LXD on Centos 7

Introduction

A lot of people have been asking us how to run LXD on Centos/RHEL 7 in the past.

Up until now, our answer has usually been to use some of the Fedora packages for liblxc, combined with a hand built version of LXD that you then have to manually integrate with your system. So certainly doable but not exactly clean or easy.

But now there is finally a cleaner, much more supportable way for you to get LXD on those systems as there is now a build of snapd that works with Centos/RHEL, letting you use the official LXD snap on those systems.

Note that the state of snapd on Centos/RHEL is still considered early days, so some features may be missing or broken.
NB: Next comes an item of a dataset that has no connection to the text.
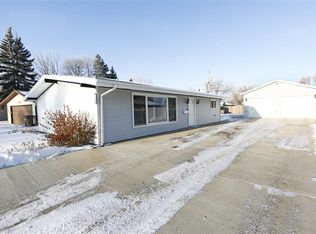 132 25th St SW, Minot, ND 58701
We did add automatic testing on our side as we do for all the other distributions and so far everything looks good.

Setting things up

The instructions below are based on a clean Centos 7.4 installation.

# Install snapd
yum install yum-plugin-copr epel-release
yum copr enable ngompa/snapcore-el7
yum install snapd
systemctl enable --now snapd.socket

# Install ZFS (skip if you don't want it)
yum install http://download.zfsonlinux.org/epel/zfs-release.el7_4.noarch.rpm
yum-config-manager --disable zfs
yum-config-manager --enable zfs-kmod
yum install zfs

# Configure the kernel
grubby --args="user_namespace.enable=1" --update-kernel="$(grubby --default-kernel)"
grubby --args="namespace.unpriv_enable=1" --update-kernel="$(grubby --default-kernel)"
echo "user.max_user_namespaces=3883" > /etc/sysctl.d/99-userns.conf
reboot

# Install the LXD snap
snap install lxd

# Configure LXD
lxd init

# Launch containers
lxc launch ubuntu:16.04 c1

Let us know if you notice anything missing/broken!

6 Likes

Rather than applying the new kernel params to only the current kernel, it’s safer to add them to the GRUB_CMDLINE_LINUX variable in /etc/default/grub and then generate the new grub conf with grub2-mkconfig >/boot/grub2/grub.cfg so they apply to all kernels.

2 Likes

Hey all,
anyone having troubles with adding this repo on step two?
I don’t see a way to install snapd in centos7.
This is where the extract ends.